Por otra parte, México y otros países latinoamericanos que han crecido lentamente en los últimos 20 años, no lo hicieron así por defectos de la economía de mercado, sino por su falta de operación, así como por una mala selección de políticas públicas internas, como lo he comentado en varias ocasiones. No todo el que dice aplicar reformas de mercado en realidad las instrumenta.

Cada país tiene su propia historia, pero el elemento común en aquellos que crecen rápido ha sido la liberalización de la economía, tanto interna como externa. Las economías exitosas registran un vuelco hacia la economía de mercado, donde los derechos de propiedad privados, la libre empresa y la competencia tomaron de manera creciente el lugar de la tenencia estatal de los medios de producción, la planeación y la protección.
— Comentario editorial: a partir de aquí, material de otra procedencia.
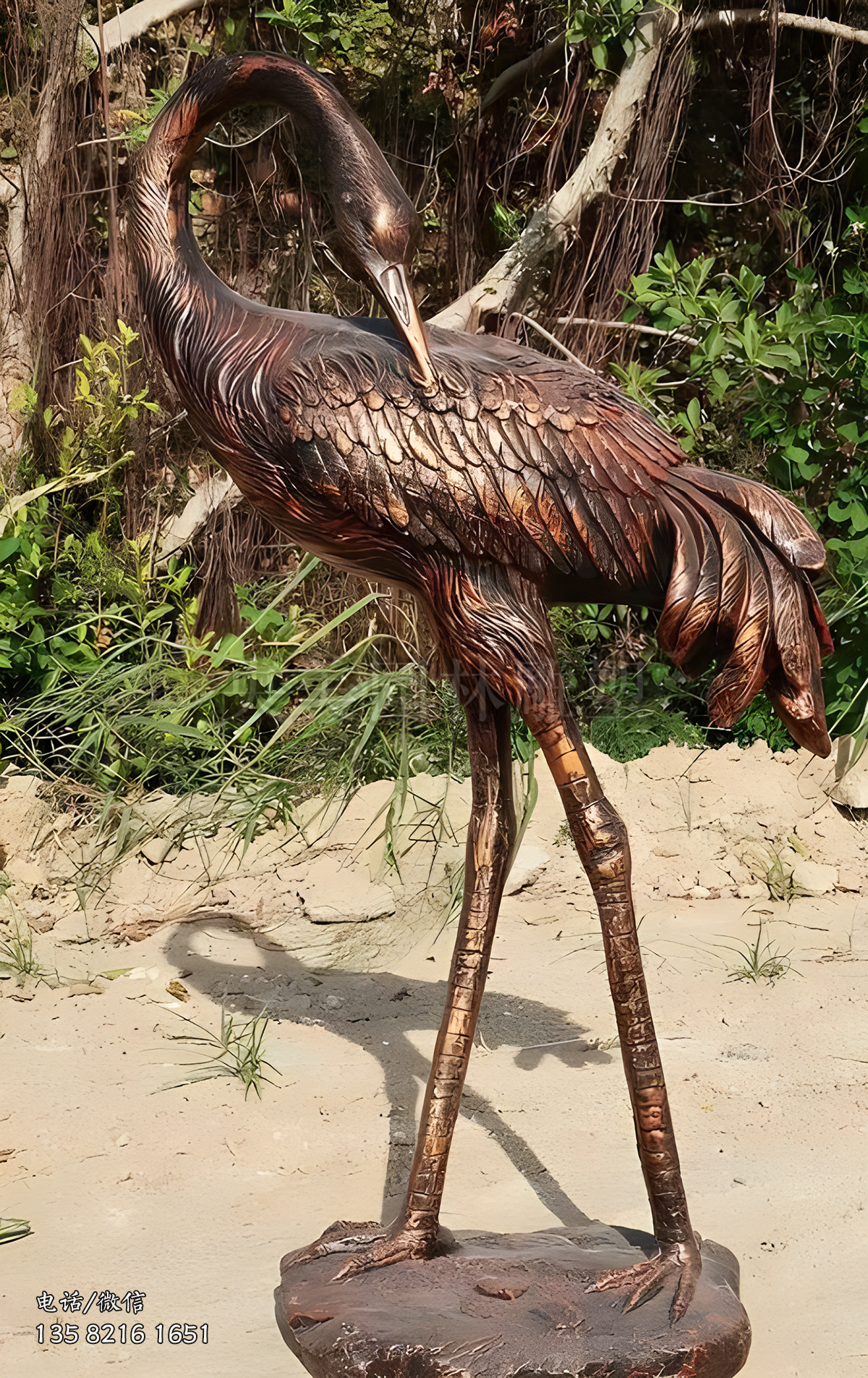 紫銅色銅雕仙鶴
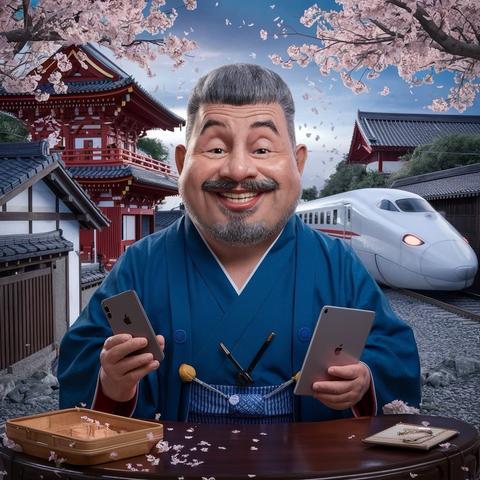 Cartoonish depiction of a smiling man in traditional Japanese clothing, holding a smartphone and tablet. Behind him are cherry blossoms, a red temple, and a high-speed train.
La creencia de que México no avanza porque se aplicaron las recetas del modelo ?neoliberal? la comparten muchos, pero ninguno que la suscribe ha explicado porqué si este factor es tan relevante, un número creciente de países previamente pobres han logrado avances substanciales, y algunos hasta espectaculares, adhiriéndose a las prácticas y principios de la economía de mercado. El ejemplo más reciente y dramático es China. En cambio, no hay países que hayan mejorado su posición relativa en los niveles de vida globales siendo menos abiertos al comercio y al capital en los años 90 que en los años 60.

La restauración del crecimiento económico alto y sostenido en México requiere de un ímpetu renovado en las reformas estructurales, cosa que sólo aparece en el discurso de nuestros políticos, quienes a la hora de la verdad no están dispuestos a ensuciarse las manos ni comprometer su popularidad.

El énfasis debe ponerse en las medidas con mayor repercusión sobre el crecimiento en el largo plazo, especialmente las que fomentan la construcción de instituciones que fortalecen la gobernabilidad y reducen la interferencia burocrática en la actividad de los particulares. También se necesitan mejoras en el ambiente de negocios y cambios en la legislación laboral para elevar la flexibilidad en el mercado de mano de obra y acabar con los abusos sindicales. Nada de esto, sin embargo, se vislumbra en la agenda económica de los precandidatos, menos aún en el programa del señor López, quien sigue ofreciendo soluciones indoloras y mágicas que fácilmente cautivan a los ingenuos.